PARTE 2: LA MUJER EQUIVOCADA

Rodrigo entendió su error cuarenta y ocho horas después.

A las ocho de la mañana del segundo día, entró en la sala de juntas de Beltrán Capital esperando cerrar la mayor inversión de su carrera.

En cambio, encontró doce sillas ocupadas.

Abogados.

Auditores.

Miembros del consejo.

Y sentado en la cabecera estaba Don Alejandro Echeverría.

Rodrigo se detuvo.

—¿Quién lo dejó entrar?

El presidente del consejo levantó la vista.

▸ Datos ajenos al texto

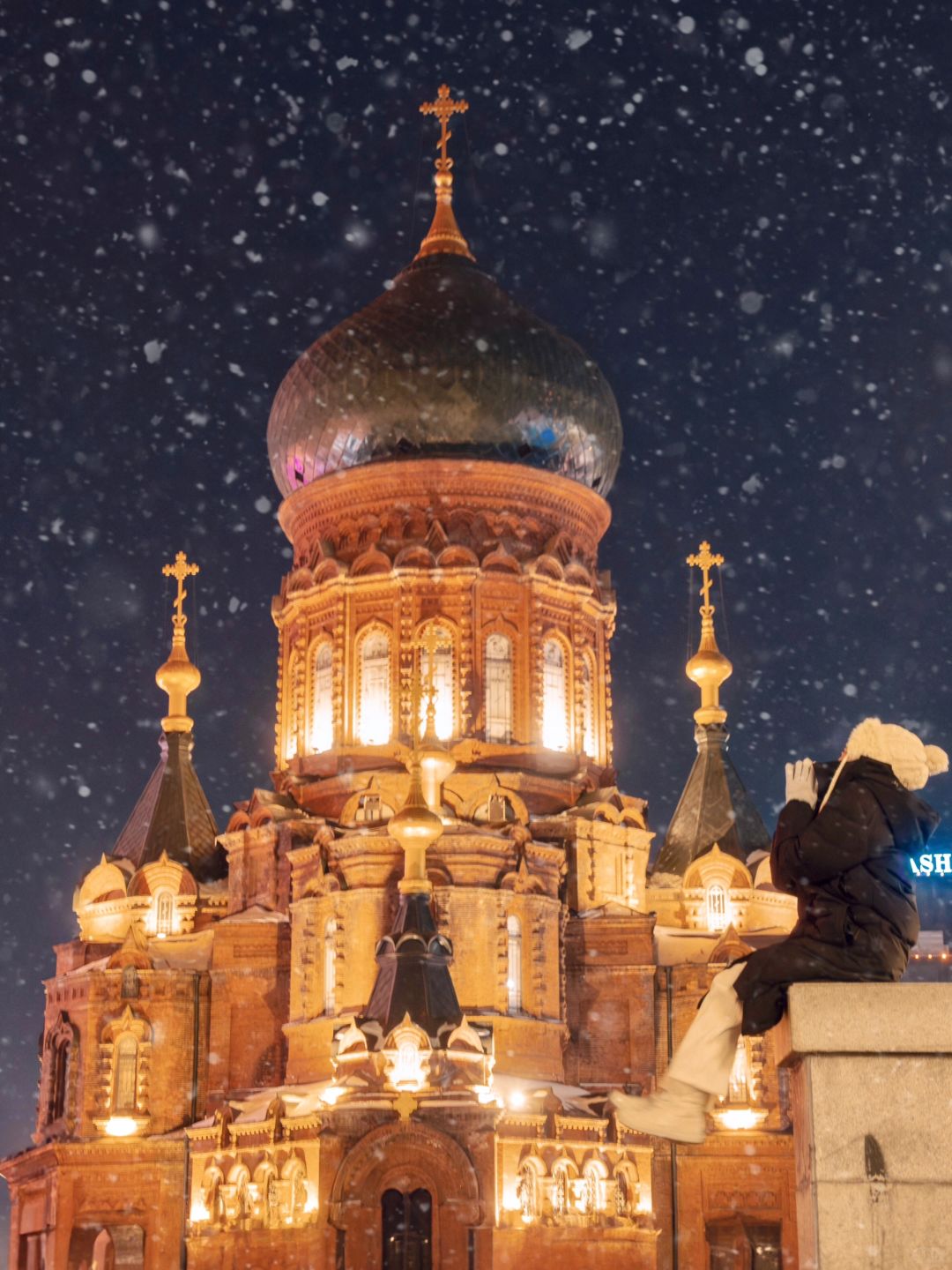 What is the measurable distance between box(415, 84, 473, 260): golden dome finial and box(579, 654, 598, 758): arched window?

—El accionista que controla indirectamente el fondo que sostiene nuestra principal línea de crédito no necesita su permiso.

Rodrigo perdió la sonrisa.

—¿Accionista?

Don Alejandro abrió una carpeta.

—Echeverría Holdings.

Silencio.

Rodrigo conocía ese nombre.

Todo México financiero lo conocía.

Durante años, Echeverría Holdings había invertido mediante sociedades y fondos privados sin exponer demasiado a la familia propietaria.

Rodrigo tragó saliva.

—¿Qué tiene esto que ver conmigo?

Alejandro colocó una fotografía de Mariana sobre la mesa.

—Todo.

Rodrigo miró la imagen.

Luego a Alejandro.

Y comprendió.

—Mariana…

—Mariana Echeverría Robles —corrigió él—. Mi única hija.

Rodrigo quedó inmóvil.

Su teléfono comenzó a vibrar.

Una vez.

Dos.

Cinco.

Diez veces.

No respondió.

El abogado de Alejandro deslizó varios documentos hacia él.

—Tenemos una presunta falsificación de firma relacionada con la transferencia de la propiedad de San Ángel.

Otro documento.

—Uso de recursos corporativos para gastos personales no autorizados.

Otro.

—Transferencias relacionadas con una sociedad vinculada a la señorita Ximena Larios.

Rodrigo golpeó la mesa.

—¡Esto es una venganza familiar!

—No —respondió Alejandro—. Si fuera una venganza, estaría gritándole.

Señaló los expedientes.

—Esto es una auditoría.

La puerta se abrió.

Ximena entró alterada.

—Rodrigo, tenemos un problema con la casa.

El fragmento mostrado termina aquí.